By Bill Simmons
Page 2 columnist

Every time my father and I see a crappy movie together, Dad always makes the same face when the lights come on: His eyes bulge, it looks like he's trying not to laugh, and he unveils one of those "Let's get the hell out of here before anyone recognizes us" expressions, like someone who just let one fly in the back row of church.


Needless to say, we were about 20 minutes into "Undisputed" -- the undisputed second-worst sports flick of the year, only behind "Rollerball 2002" -- when I realized that Dad would be making that face. Within another 30 minutes, as the movie got worse and worse, I actually started looking forward to the Dad Face, only because it would be the highlight of the movie. But "Undisputed" wouldn't end. It wasn't a long movie as far as movies go -- 100 minutes -- but it was a long 100 minutes. Like sitting through Jim Kelly's Hall of Fame speech, only longer. When it mercifully wrapped up and the lights finally came on, Dad made his face and we left ... but not before he vowed, "I'm never letting you pick a movie again."

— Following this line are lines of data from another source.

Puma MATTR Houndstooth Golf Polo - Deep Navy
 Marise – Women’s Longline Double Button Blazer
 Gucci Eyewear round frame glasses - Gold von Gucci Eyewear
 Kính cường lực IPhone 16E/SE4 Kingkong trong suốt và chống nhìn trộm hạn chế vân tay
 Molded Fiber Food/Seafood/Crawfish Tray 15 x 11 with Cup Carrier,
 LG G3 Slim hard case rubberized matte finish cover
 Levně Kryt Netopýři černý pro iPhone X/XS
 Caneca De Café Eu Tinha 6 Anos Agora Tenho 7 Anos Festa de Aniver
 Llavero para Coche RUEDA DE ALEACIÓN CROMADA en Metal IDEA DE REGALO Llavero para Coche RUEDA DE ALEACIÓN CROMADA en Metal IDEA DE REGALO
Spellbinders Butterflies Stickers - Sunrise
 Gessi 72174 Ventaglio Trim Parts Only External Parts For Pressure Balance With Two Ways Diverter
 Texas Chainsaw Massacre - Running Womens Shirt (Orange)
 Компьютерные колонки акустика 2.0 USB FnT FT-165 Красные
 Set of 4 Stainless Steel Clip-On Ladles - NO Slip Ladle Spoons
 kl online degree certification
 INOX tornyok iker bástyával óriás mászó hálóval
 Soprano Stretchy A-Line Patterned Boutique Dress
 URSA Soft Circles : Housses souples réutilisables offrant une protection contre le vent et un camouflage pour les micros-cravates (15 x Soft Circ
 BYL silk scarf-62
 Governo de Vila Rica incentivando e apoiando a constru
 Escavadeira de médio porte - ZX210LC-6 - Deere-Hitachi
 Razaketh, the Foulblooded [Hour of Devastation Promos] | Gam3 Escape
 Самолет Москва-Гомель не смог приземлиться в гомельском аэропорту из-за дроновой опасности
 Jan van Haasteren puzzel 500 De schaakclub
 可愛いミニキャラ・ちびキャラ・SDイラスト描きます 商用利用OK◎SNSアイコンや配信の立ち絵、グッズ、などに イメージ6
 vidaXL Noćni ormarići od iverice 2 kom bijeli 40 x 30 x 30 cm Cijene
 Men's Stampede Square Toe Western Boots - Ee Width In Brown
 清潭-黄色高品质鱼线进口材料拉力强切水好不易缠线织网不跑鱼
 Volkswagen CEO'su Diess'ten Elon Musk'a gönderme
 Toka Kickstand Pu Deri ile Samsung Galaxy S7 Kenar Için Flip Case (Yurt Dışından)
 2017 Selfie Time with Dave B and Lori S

Hey, it wasn't my fault. Walter Hill was involved here, the same guy who directed "48 Hours" and "The Warriors" -- two of my favorite movies ever -- so I'll support anything from him (even if he lost his fastball about 10 years ago). Why would someone even need to keep directing after churning out those two classics? Maybe you just lose your edge. I mean, if it were me, I would just walk around telling people, "Hey, did you know that I directed '48 Hours' and 'The Warriors'? Yeah, both of them! That was me!" That must have been what happened to him.

Page 2's Ralph Wiley doesn't exactly agree with The Sports Guy. In fact, Wiley called "Undisputed" an "eye-popping, soul-catching, neck-snapping knockout of a boxing film, a quick, square left hook to our collective heart of darkness."

For all who agree, The Sports Guy is recommending a 12-step DVD program starting with the Rocky movies. (Excluding V of course.)

Hill's latest project looked mildly promising on paper. For one thing, every boxing picture looks promising on paper. It's just a rule. The boxing world has goofy characters, characters with nothing to lose, guys double-crossing each other, sex and violence, and definitive endings with a winner and loser. What's not to love? And in this case, they centered the story around a prison boxing match between the prison champ and the real heavyweight champ (thrown behind bars). Decent premise, with some decent star power:

  • Ving Rhames plays the heavyweight champ (George "The Iceman" Chambers), thrown in jail after one of those Tyson-esque "Did he rape her or didn't he?" interludes with an attractive groupie. Hey, everyone loves Ving Rhames, even if he always just plays Ving Rhames ... he'll be living off Marcellus Wallace for another 10 years, one of those rare movie characters who easily could have been spun off into an hourlong show. Step aside, Butch. Gotta love Ving Rhames.

  • Wesley Snipes plays the prison champ (Monroe Hutchens). I'm a little tired of Wesley at this point, but at least it was enjoyable to watch him break Omar Epps' record of "Most Appearances in a Sports Movie." Think about it. "Major League," "Streets of Gold" (underrated flick), "Wildcats," "White Men Can't Jump," "The Fan" ... and now, "Undisputed." Six sports movies! That might be never topped. And he's about three years away from playing Richard Williams in the inevitable TV-movie about the Williams Sisters.

    Wesley Snipes
    Wesley Snipes plays the stoic Monroe Hutchens, a former California state boxing champion in prison for murder.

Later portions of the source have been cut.